In front of us, two screens. On the first, at the top, only one shot of the match. At the bottom, a screen divided into four with other generally tighter angles, and three seconds off to quickly review the actions in case of doubt.

After a corner obtained by the Nantes, the referee of the meeting makes a gesture as if he had a contact with the referee video: in this case, it had contacted him. Which means we missed something.

You have to go back up the images to find out what. Meanwhile, our instructor, referee Eric Wattellier, plays the central referee and asks what's going on, why the game is stopped. We think we may have to go back to the beginning of the action.

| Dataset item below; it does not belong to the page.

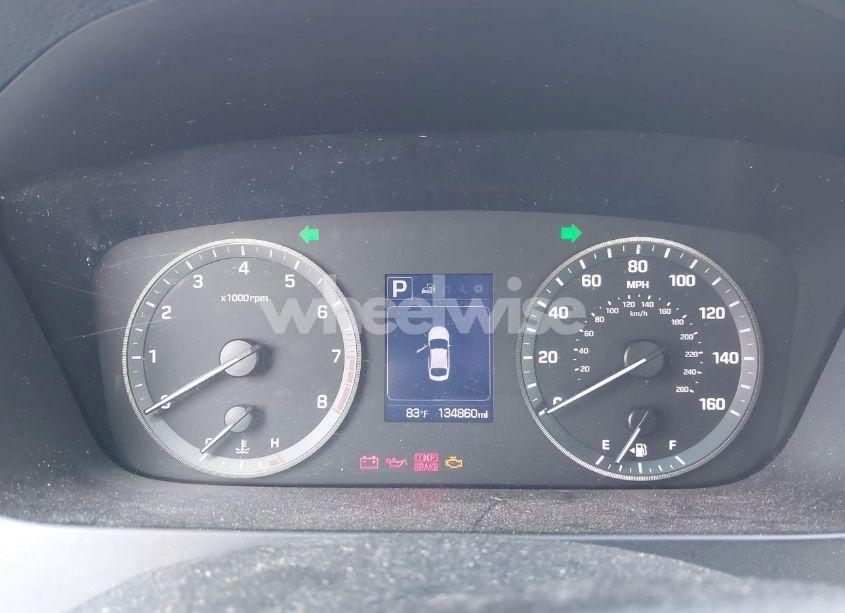 Photo 7 of 2017 Hyundai Sonata (VIN 5NPE24AF3HH542721)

Nothing.

Four specific cases

The VAR is only used in four cases: to cancel a goal, to grant or cancel a penalty, to expel a player, or to correct an identity error. Especially, as the IFAB, the governing body of rules, writes in the laws of the game for the current season, these errors must be "Manifest".

So we missed something obvious. A penalty or a red card. But we do not know where to look. Or how far back? We remember that it is possible to go to the beginning of the offensive phase. Even if "Sometimes it's limited"concedes former referee Sebastien Moreira, who has become a video assistant. "With a team like Barcelona, ​​where the action can start five minutes before, when do we start the action? It's part of common sense. "

Officially, we have plenty of time for "the process of analysis". In reality, the seconds pass and our central referee asks us again why the game is stopped, if he can resume with the corner. In the stands, the fans must be impatient. We still do not know what the "real" video referee had seen.

Our operator of the day saves us by sending on one of our two screens an image where we see a Guingampais send the ball for a corner of the hand, while he was in the penalty area. In this respect, the penalty seems obvious. No one on the ground, however, seemed to have seen him. Not even Valentin Rongier, the player from Nantes who was a few inches from the ball, and who has not claimed anything.

Questions

This first scenario confirms that video alone can not work miracles. Still need to have the eye and find the perfect plan at the right time. Sunday, November 10, during the match between Marseille and Lyon, video referees have seen the hand of Morgan Sanson before the penalty awarded to OM … but with eight minutes late. Dimitri Payet had already transformed it.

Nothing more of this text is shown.